Re: 6903 (Run 2, Clone 13, Gen 39); 10,000,000 steps
Posted: Sun Feb 19, 2012 7:00 pm
by Grandpa_01
Congrats you are the winner,
you got the first on since the fix. Hopefully Kasson will be able to catch it and remove it before it spreads too far. Just delete it and move on. You could fold it if you wanted to it will only take a month or several then it will not send after it completes. Just joking about the last part.
Edit
I am surprised that one is still floating around I had it a while back the report was merged into another thread. I thought Kasson had jot all of them. viewtopic.php?f=19&t=20692&start=0#p206671
Re: 6903 (Run 2, Clone 13, Gen 39); 10,000,000 steps
Posted: Sun Feb 19, 2012 7:07 pm
by Leonardo
Is there a prize, Grandpa?
EDIT: Moderators, sorry about not posting in the existing thread. Without my morning coffee, I couldn't find the subject thread's location.
Re: 6903 (Run 2, Clone 13, Gen 39); 10,000,000 steps
Posted: Sun Feb 19, 2012 7:09 pm
by Grandpa_01
Yes there is you get 0 points for the CPU cycles you used.
Re: Merged problems with projects 6903/6904
Posted: Mon Feb 20, 2012 6:17 am
by kasson
Thanks--stopped that one.

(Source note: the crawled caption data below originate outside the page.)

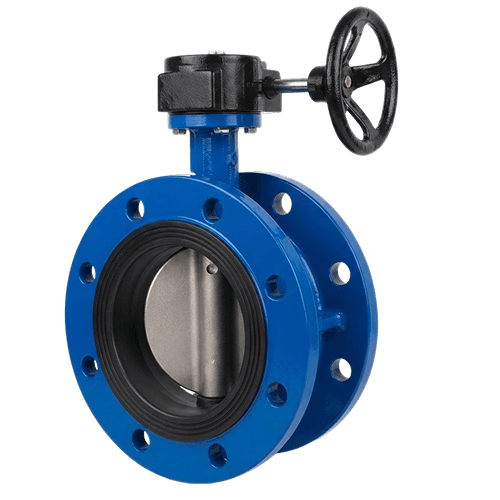 Manual Gear-Operated Flanged Butterfly Valve
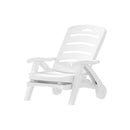 Gardeon Sun Lounger Folding Chaise Lounge Chair Wheels Patio Outdoor Furniture - RnR Galore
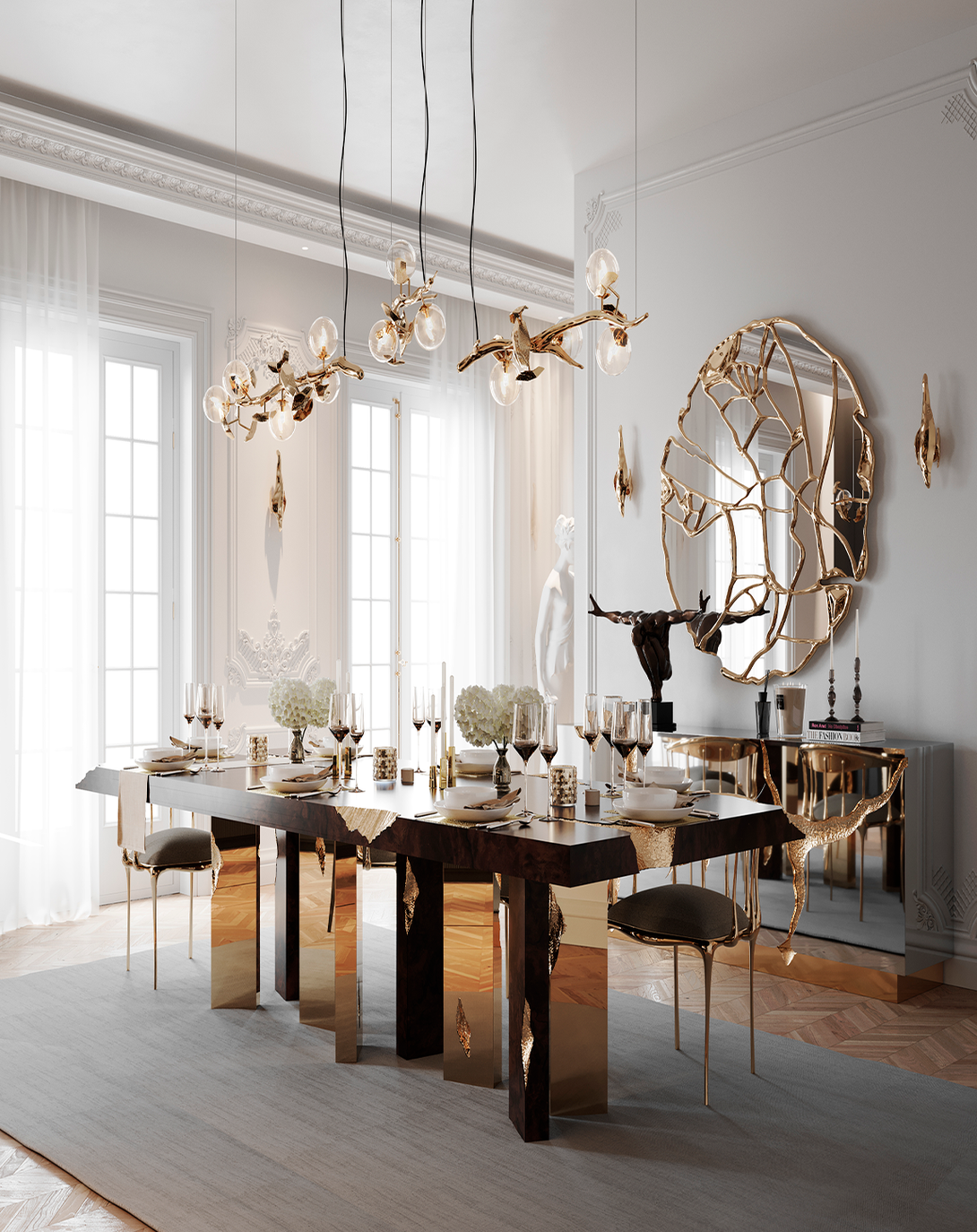 Modern Accented Luxury Dining Table ANGIE HOMES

Sorry you encountered it.
Re: Merged problems with projects 6903/6904
Posted: Fri Feb 24, 2012 3:54 pm
by ChelseaOilman
I got Project: 6903 (Run 6, Clone 0, Gen 72) last night which was reported by Amaruk on page 2 of this thread back on Feb. 9.
Code: Select all
[20:48:38] Project: 6903 (Run 6, Clone 0, Gen 72)
[20:48:38]
[20:48:38] Assembly optimizations on if available.
[20:48:38] Entering M.D.
[20:48:46] Mapping NT from 48 to 48
[20:48:51] Completed 0 out of 500000 steps (0%)
[21:05:30] g NT from 48 to 48
[21:06:34] Resuming from checkpoint
[21:07:05] Verified work/wudata_06.log
[21:07:05] Verified work/wudata_06.trr
[21:07:05] Verified work/wudata_06.xtc
[21:07:05] Verified work/wudata_06.edr
[21:07:06] Completed 2615 out of 500000 steps (0%)

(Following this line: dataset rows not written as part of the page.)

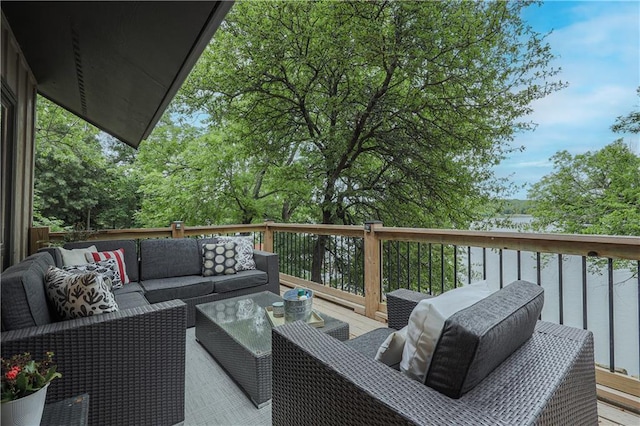 792 195th St, Fort Scott, KS 66701 - wooden deck featuring an outdoor living space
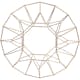 Metallornament Creativ Company Ring/Krans Mässing 28 cm 1 St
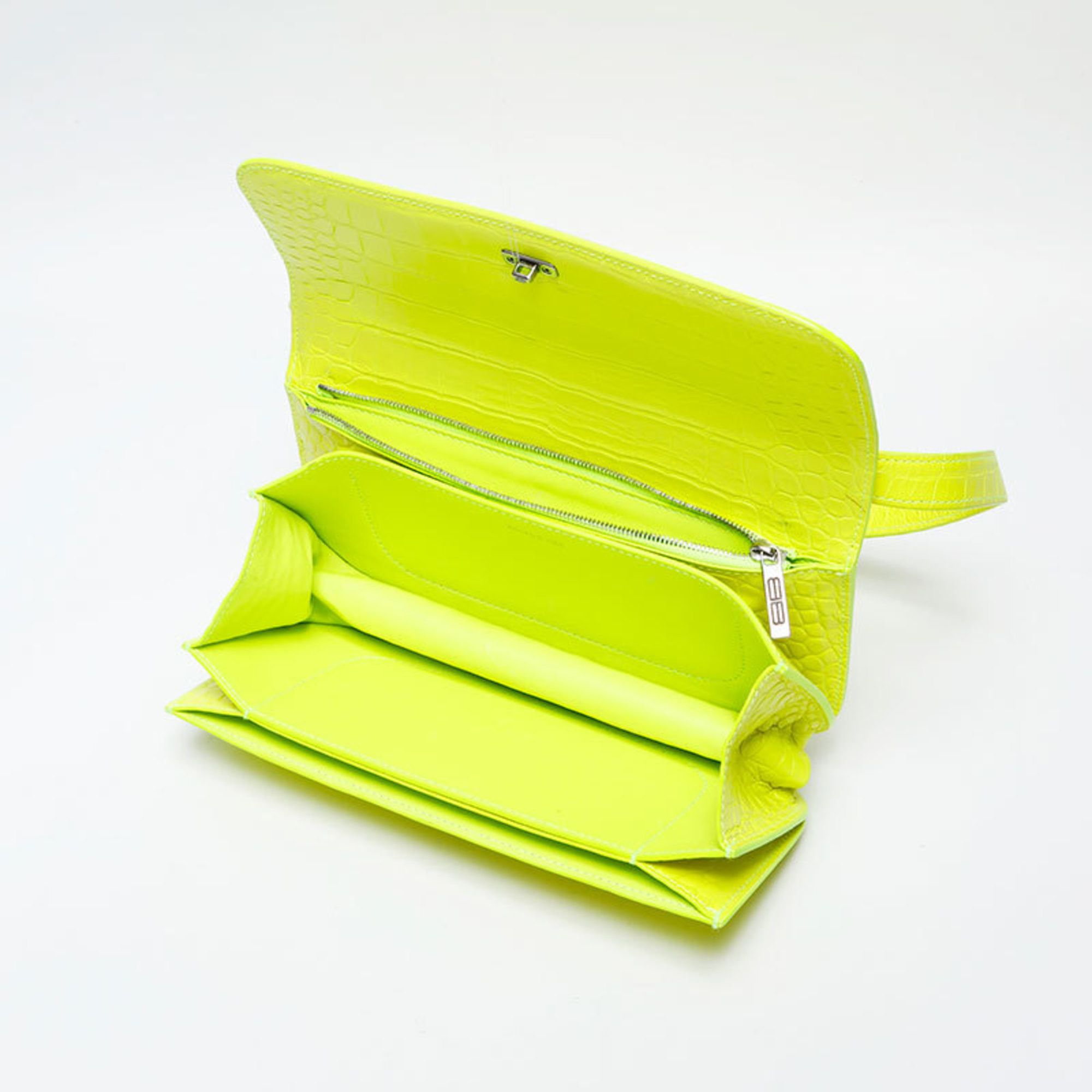 Balenciaga Balenciaga Gossip Leather BB Shoulder Bag in Yellow (WS20747) Size ONE SIZE - 12 Thumbnail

[21:19:35] Completed 5000 out of 500000 steps (1%)
[21:45:57] Completed 10000 out of 500000 steps (2%)
[22:12:18] Completed 15000 out of 500000 steps (3%)
[22:38:45] Completed 20000 out of 500000 steps (4%)

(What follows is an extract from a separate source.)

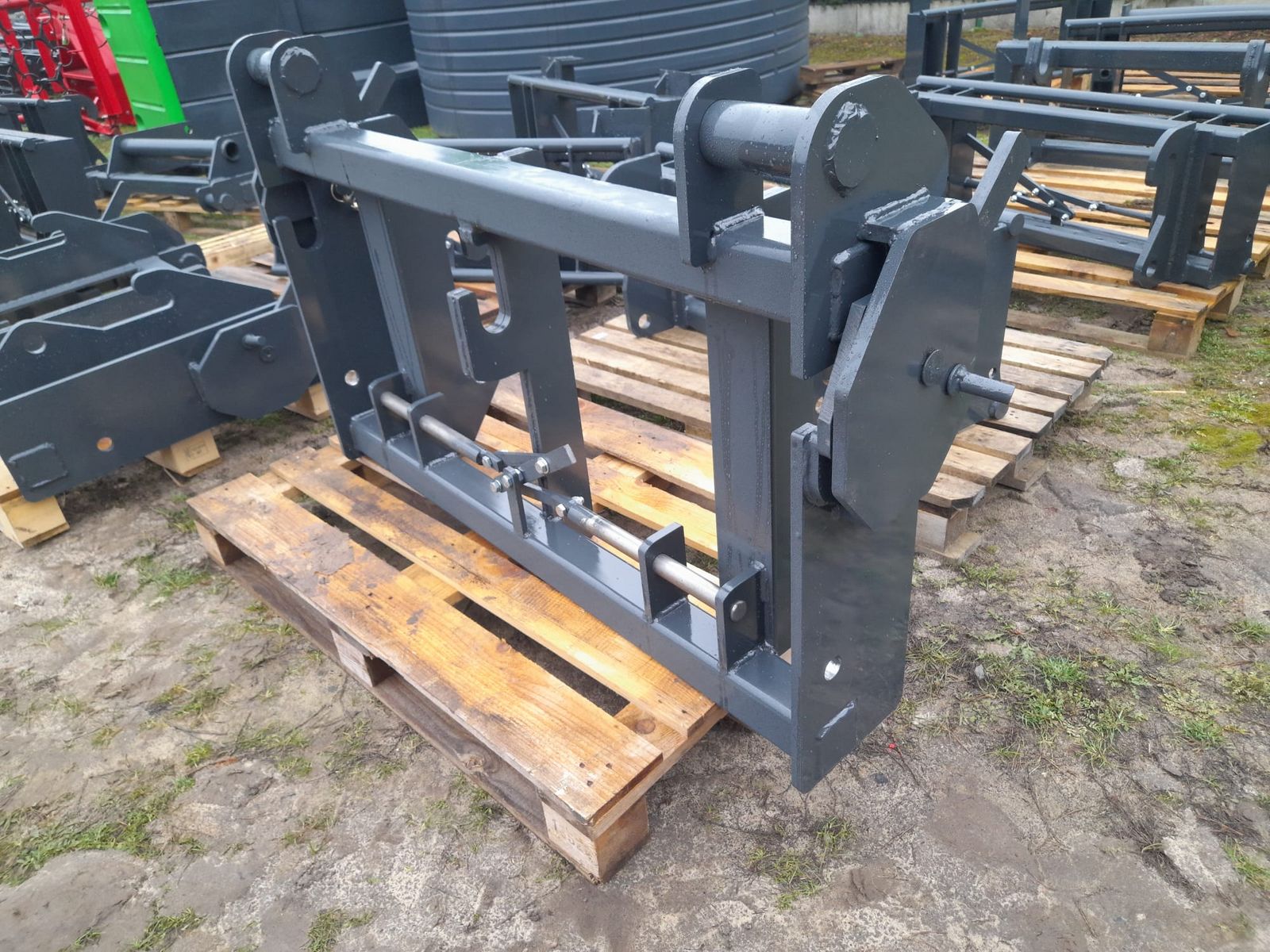 Adapter JCB Qfit, Teleskopladeradapter. 2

[23:05:01] Completed 25000 out of 500000 steps (5%)
Re: Merged problems with projects 6903/6904
Posted: Sat Feb 25, 2012 7:04 pm
by bruce
ChelseaOilman wrote:I got Project: 6903 (Run 6, Clone 0, Gen 72) last night which was reported by Amaruk on page 2 of this thread back on Feb. 9.
As I understand it, this is good. The bad projects had too many steps and they've been corrected to have only 500 000 steps.
Re: Merged problems with projects 6903/6904
Posted: Sat Feb 25, 2012 7:20 pm
by Joe_H
bruce wrote:ChelseaOilman wrote:I got Project: 6903 (Run 6, Clone 0, Gen 72) last night which was reported by Amaruk on page 2 of this thread back on Feb. 9.
As I understand it, this is good. The bad projects had too many steps and they've been corrected to have only 500 000 steps.
Not good as the correct number of steps is supposed to be 250,000. This was one of the least wrong at only 2x.
Re: Merged problems with projects 6903/6904
Posted: Sat Feb 25, 2012 7:38 pm
by ChelseaOilman
Joe_H wrote:Not good as the correct number of steps is supposed to be 250,000. This was one of the least wrong at only 2x.
I believe that's correct. This WU has been out for a while. Dr. Kasson should have caught it on his first go around.
Re: Merged problems with projects 6903/6904
Posted: Sun Feb 26, 2012 7:16 pm
by Schmidde
No, the Project: 6903 (Run 6, Clone 0, Gen 72) is a "bad" WU.
I´m folding it actually self with that 500 000 steps. Normally are 250 000 steps.
Please fix, it´s disappointing folding 4-5 Days and only geht Base Points.